● RECORDS SUPPLIED
===============
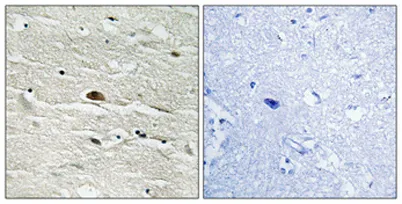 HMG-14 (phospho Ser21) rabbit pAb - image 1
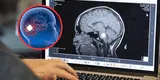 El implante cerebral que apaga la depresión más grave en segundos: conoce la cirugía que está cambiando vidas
===============
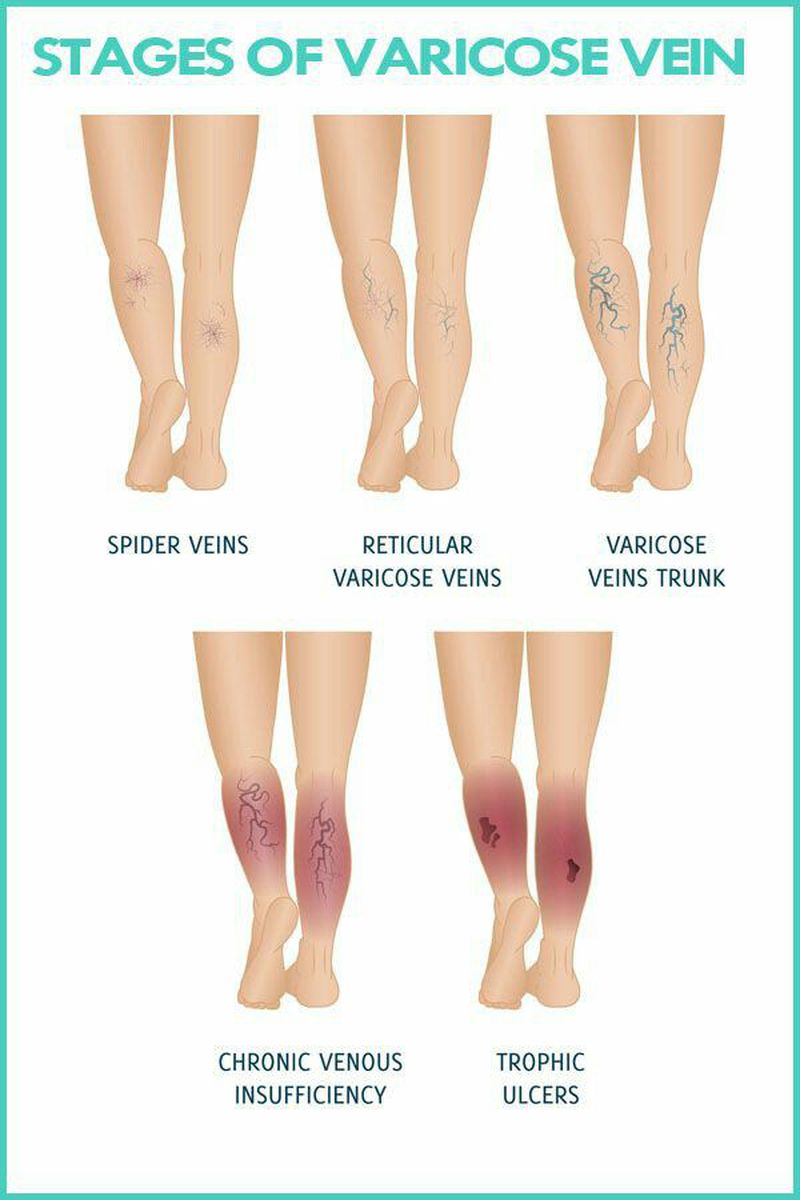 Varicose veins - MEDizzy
===============
● WORK TO BE COMPLETED
Start with the line above containing "HMG-14 (phospho Ser21) rabbit pAb - image 1" and end with the line containing "El implante cerebral". Set down that stretch exactly, without any pictures.

● ANSWER TO THE PROBLEM
 HMG-14 (phospho Ser21) rabbit pAb - image 1
 El implante cerebral que apaga la depresión más grave en segundos: conoce la cirugía que está cambiando vidas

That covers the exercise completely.